— EXERCISE REQUIREMENTS —
Only one stretch of lines is wanted: the line with "Country Brook Design®" through the final line of the material. Restate it word for word, minus pictures.

— GIVEN RECORDS —
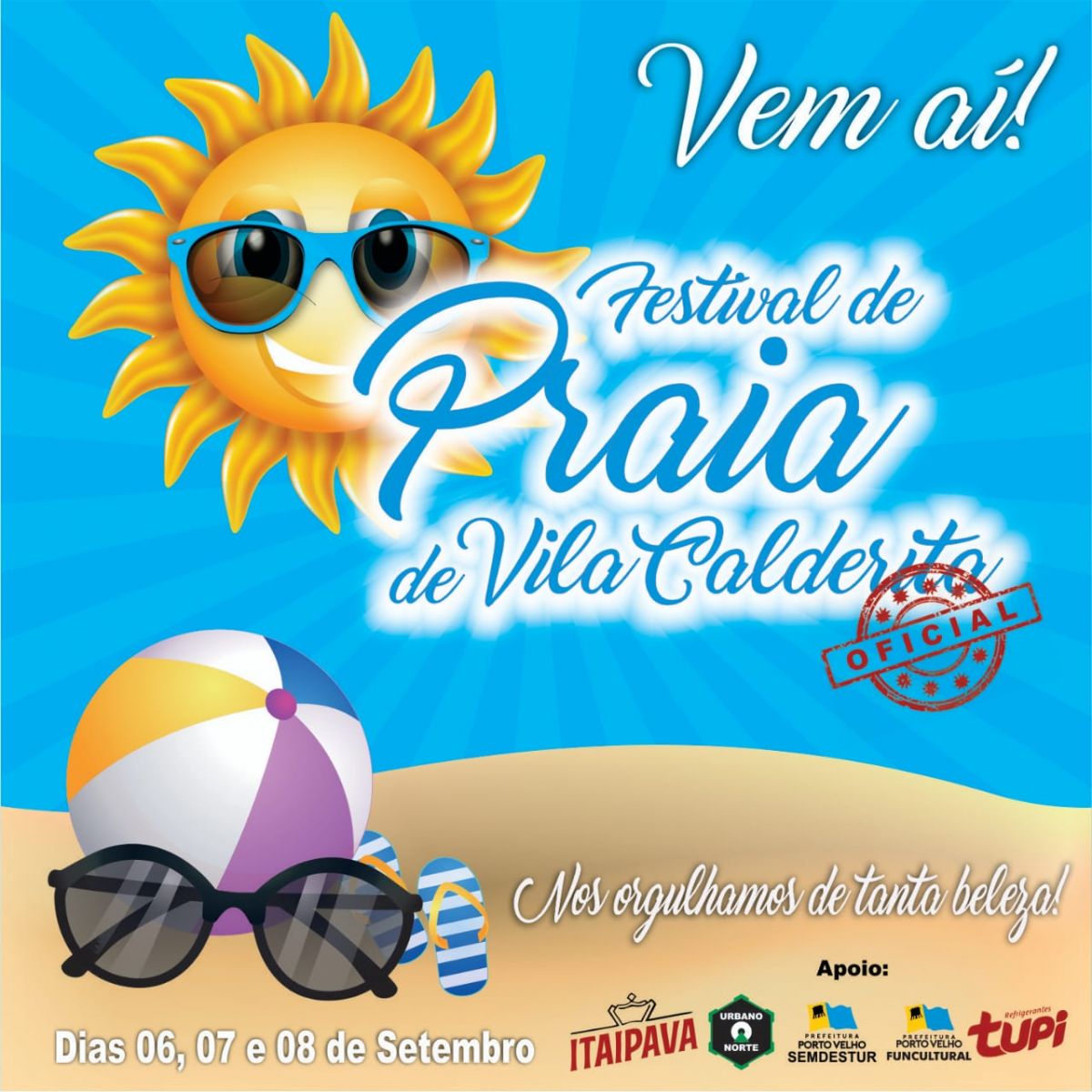 VILA CALDERITA: PREFEITURA LANÇA FESTIVAL DE PRAIA - News Rondônia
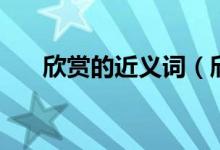 欣賞的近義詞（欣賞的近義詞有哪些）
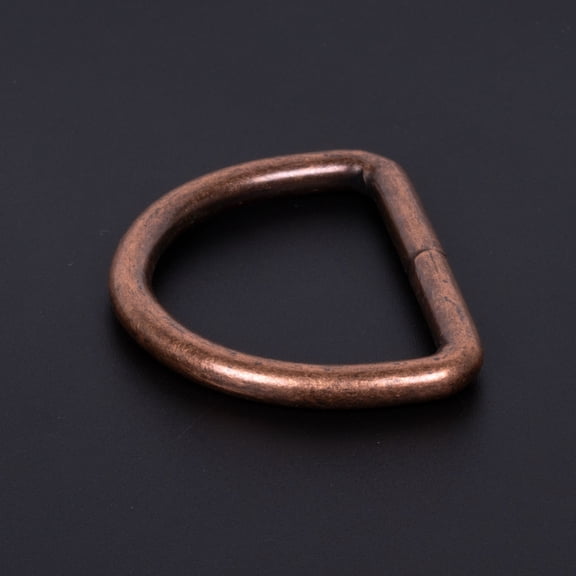 Country Brook Design® 1 1/2 Inch Antique Copper Heavy Welded D-Rings, 50 Pack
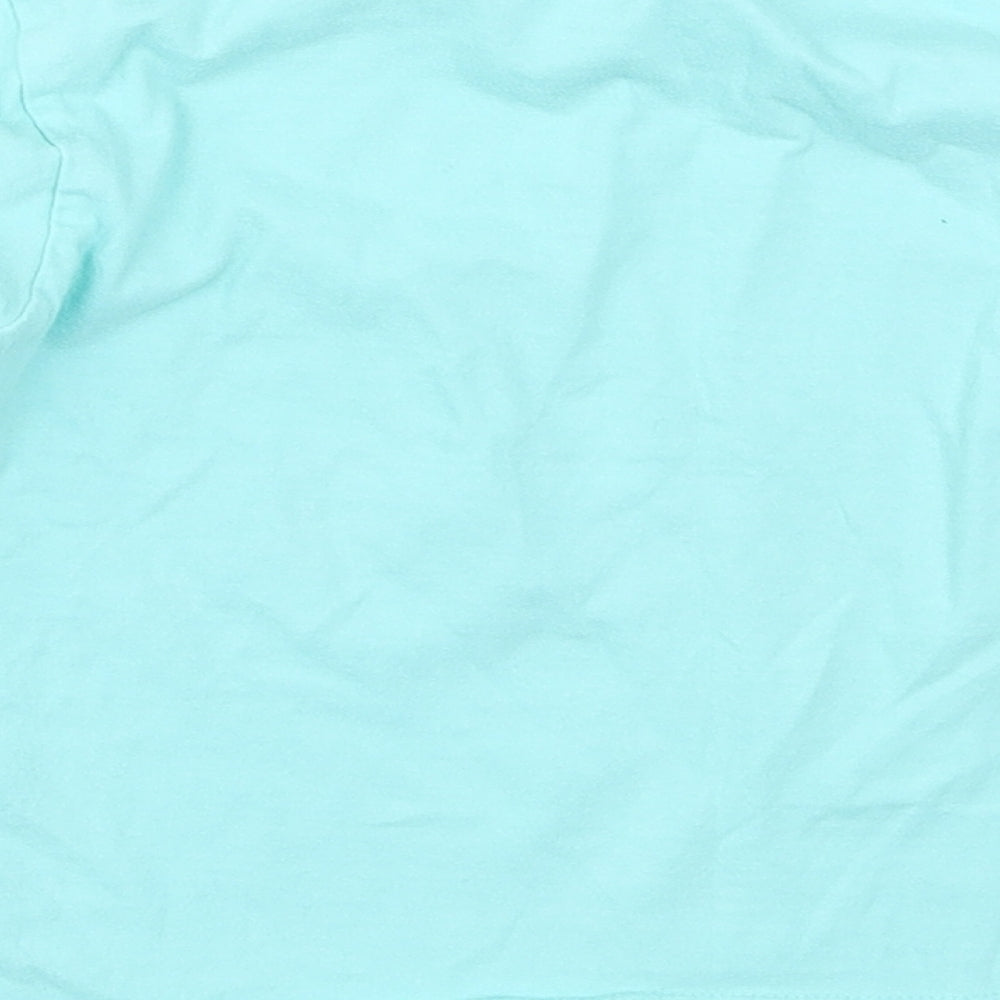 Preworn Girls Blue Solid  Top Pyjama Top Size 8-9 Years  - Always Dreaming Unicorns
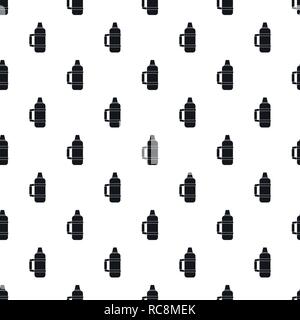 Camp thermos pattern seamless vector repeat geometric for any web design Stock Vector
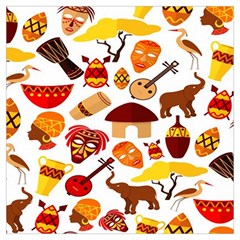 Africa Jungle Ethnic Tribe Travel Seamless Pattern Vector Illustration Lightweight Scarf 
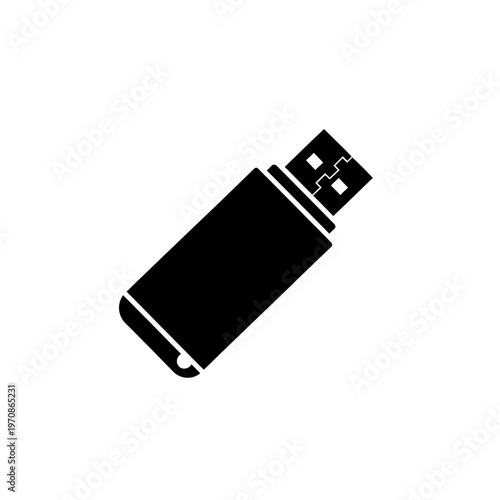 Black USB Flash Drive Device.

— SOLUTION FOR THIS PROBLEM —
 Country Brook Design® 1 1/2 Inch Antique Copper Heavy Welded D-Rings, 50 Pack
 Preworn Girls Blue Solid  Top Pyjama Top Size 8-9 Years  - Always Dreaming Unicorns
 Camp thermos pattern seamless vector repeat geometric for any web design Stock Vector
 Africa Jungle Ethnic Tribe Travel Seamless Pattern Vector Illustration Lightweight Scarf 
 Black USB Flash Drive Device.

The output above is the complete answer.